因此，本研究擬對於粉末塗敷法成形多孔性薄膜電極的過程，以布朗動力學理論建構出多孔性薄膜成形理論，模擬膠體溶液中成形多孔性薄膜之乾燥過程，並建立系統之作用勢能及完成多孔性薄膜成形之模擬系統。配合對於薄膜結構估算薄膜空孔度及粒子之配位數等電極薄膜結構參數，對於模擬系統中之重要因子進行設計模擬實驗，找出於多孔性薄膜成形過程中，找出顯著參數因子及顯著交互作用項，並建構顯著因子之迴歸模型。同時以實驗設計之結果結合染料敏化太陽能電池光電轉換效率估算模型，以成形薄膜電極之結構，進行電極效率的估算，並與文獻比對驗證本文之正確性及可行性。最後再將顯著因子對光電轉換效率的結果模型化，以系統化方式對於顯著之參數因子進行調控並估算效率，以設計之流程達成染料敏化太陽能的提升，並建立應用實例證明本研究的實用性。

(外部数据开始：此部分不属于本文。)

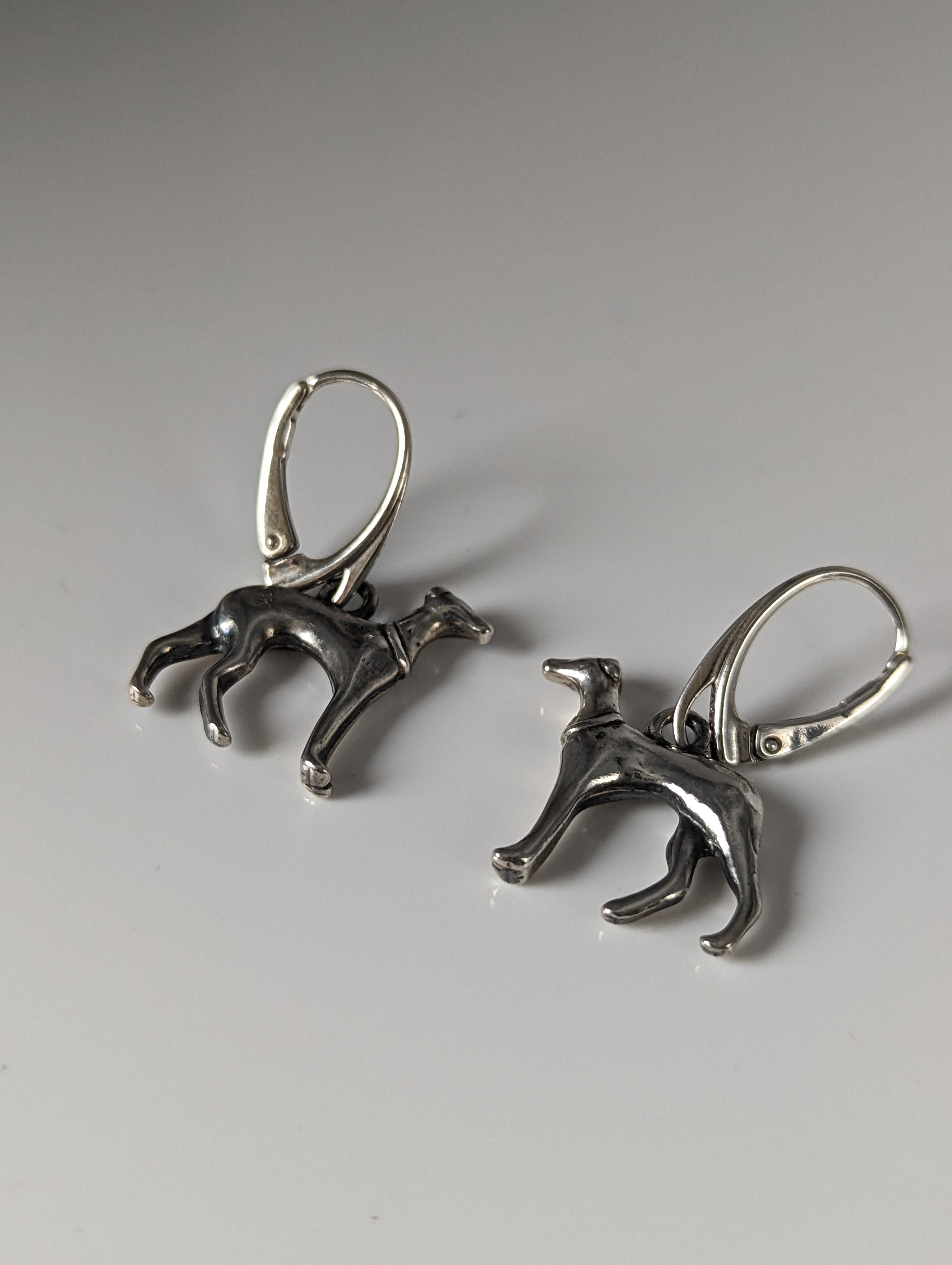 Silver Steed Dropped Greyhound Earrings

在本文之研究中，以布朗動力進行電極成形之模型建構，對於製程參數中加入粒子間側向之毛細吸附力的影響，並透過側向毛細力貢獻度之分析，證明納入之側向毛細力確實顯著並確實提升了多孔性薄膜成形模擬之正確性。同時以實驗設計的方法，分別探討電極結構與製程對效率影響，建立電極結構對效率因子交互作用之理論模型。接著整合電極成形與效率估算兩實驗設計模型進行製程對效率估算，與文獻實驗比對結果，相較於傳統理論線性模型，納入側向毛細力含交互作用項之實驗設計模型可將電池效率估算誤差由15.78%減少2.24%。最後經由文獻比對證明本文之正確性後，以多孔性薄膜電極結構的設計進行應用實例之設計規劃，經由最佳結構及最佳製程參數搜尋的結果，提出最佳之多孔性薄膜電極之結構，使多孔性薄膜電極之設計能有效快速地找出最佳薄膜結構之製程參數，在本文的設計流程下對最佳製程參數搜尋結果，可使原先文獻中使用black dye染料下，最佳光電轉換效率由原先10.4%大幅提昇至12.45%，使未來能有用地做為染料敏化太陽能電池多孔性電極最佳化製程之參考。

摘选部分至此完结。